The birding in South Texas was excellent. But when I left Pecos three days ago in my supposedly fixed car, I had one goal: Get the hell out of Texas. Twelve miles shy of the New Mexico border a head gasket blew. At least there’s this: El Paso beats Pecos as a place to be stranded.

Oddly enough, I have Edel to thank for not breaking down on I-10. I was impressed with Edel’s radar detector in his monster truck on our high-speed radiator odyssey. So I had my eye out for a Best Buy to get me one before I left El Paso. I was getting off the freeway for that purpose when the engine blew in a cloud of white smoke – at a near-perfect spot, if there is such a thing for a break down in Texas. Four miles from Rudolph Honda (“El Paso’s only Honda Presidential Award dealer”).

Back in Pecos, after Gary had met me waiting at his fence gate 8:00 Monday morning, he explained that he had gotten another new radiator, installed it, charged up the A/C and all appeared fine. We had settled up and I asked him how things were going with Emlyn. Not so good, it seemed. She was bored and missing her family. And, I learned, Emlyn had never been taught any domestic skills, including cooking or cleaning. Gary was slowly teaching her the basics, like cracking an egg, dusting, running a vacuum. While he and Emlyn had been getting acquainted via their Web cam, he had often seen her pushing a vacuum and being domestic. She finally confessed that it was just an act: “You never heard the vacuum running, did you?” Gary, however, was genuinely OK with all that. His real complaint: “She won’t talk to me about her feelings. Even if I can’t fix things, I can at least comfort her and sympathize. Like when I have a bad day at work.” I told Gary he was one smart guy.
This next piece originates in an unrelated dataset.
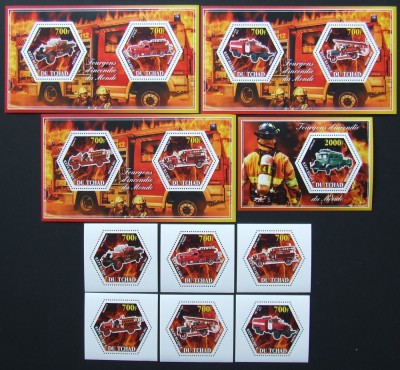 R.DU TCHAD-MASINI DE POMPIERI-SET 6 V.+4 S/Sh.NEOBLITERATE-DANTELATE-MNH** - EP 084 foto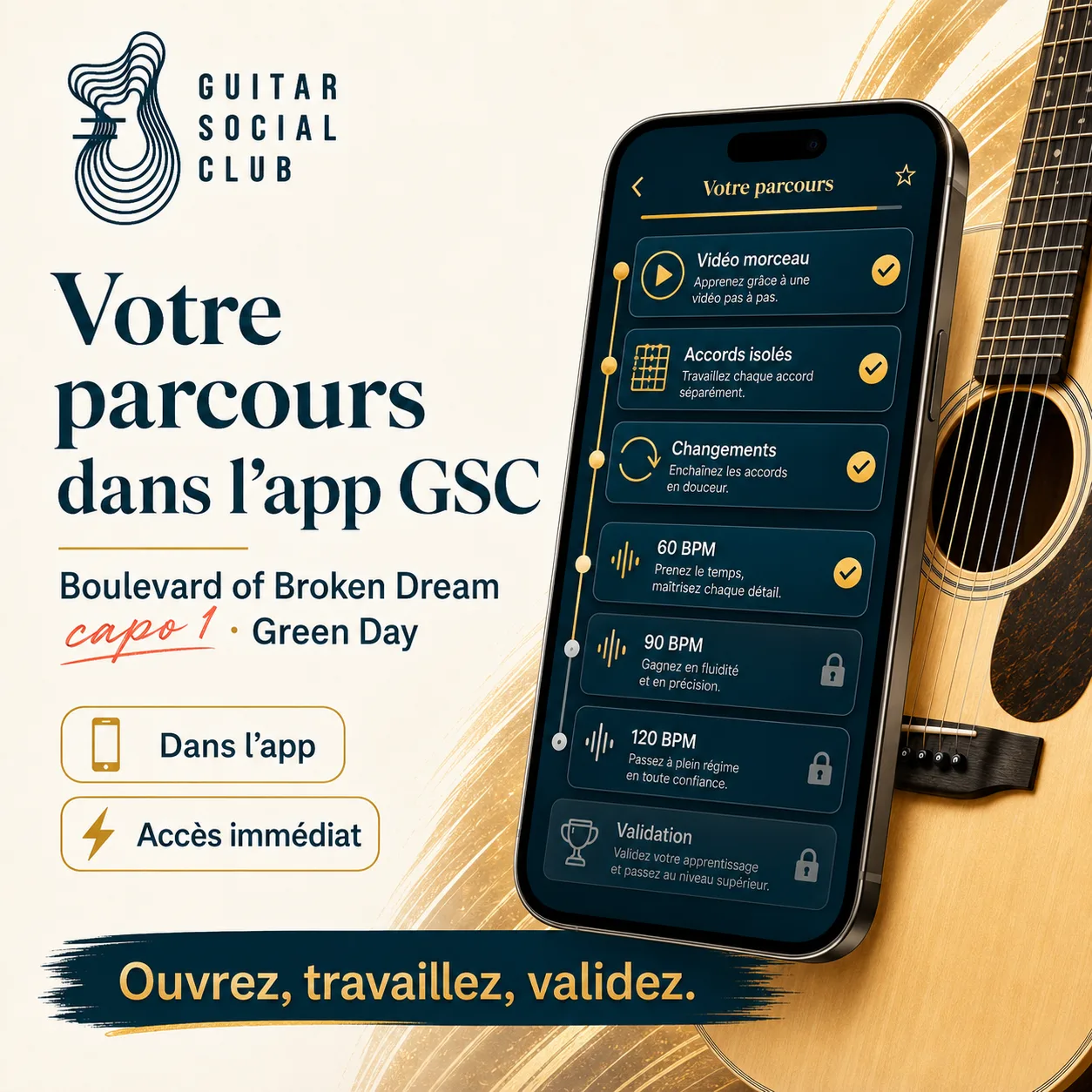 Mockup app Guitar Social Club du parcours Boulevard of Broken Dream capo 1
We had talked for about an hour when Edel showed up and we changed the subject. Edel told us about how many jack rabbits he had hit with his truck in the past week (four or five every day). Gary asked Edel if he had ever seen one of the big ones with antlers. We thought Gary was kidding and I made some crack about “jackalopes.” He became indignant and said that three times they had come right by the shop. “With horns?” Edel asked. “No, not horns – antlers,” Gary fumed. He promised to get a picture next time and email it to me. And off I drove to my next interruption 220 miles later here in El Paso.

Rick, the service manager at Rudolph Honda, is working hard to get me out of here. “But you couldn’t have picked a worse week since we’ve got a spring break overload,” he told me. “Rick, I know you didn’t mean it that way but of course I didn’t ‘pick’ anything here,” I replied. It’s clear that Rick feels my pain. When Rick told me he was sharing the story of my pig plight with his wife, I knew he was for real. Imagine that. Genuine empathy from a car guy. Of course, Rick is fixing cars, not selling them.

Rick is an average-looking family man, 40ish, glasses, still with most of his own hair, including a short goatee and mustache. One afternoon he pointed to this gorgeous black and chrome Harley Davidson next to the shop. “That’s my wife’s,” he said. “Only has 200 miles on it so I rode it to work to use up the gas before it goes bad. I have a fat boy.”

I told him about my first trip to Texas in 1968 riding a Harley. Looking for a place to camp I buried the bike in a giant mud hole. Hours later, covered in water and mud, I escaped by piling branches in the mud and inching the 450-pound motorcycle out by flopping it from side to side in the water. Later, it broke down completely in Meridian, Mississippi, and I hitchhiked home to get a trailer to haul it back. That Texas mud hole may have been where I got the hernia that helped keep me out of Viet Nam, but that’s another story.

Even Rick with all his empathy can’t control the pace of the machine shop, which is where my engine heads went today for machining flat the warped surfaces from being overheated. Rick’s hoping to get me out of here by Friday but I’m not real optimistic.

Monday I dealt with the insurance company and that is not a pretty picture. I faxed them eight pages of make-shift receipts of my costs to date ($828.41, not counting motels and rental cars).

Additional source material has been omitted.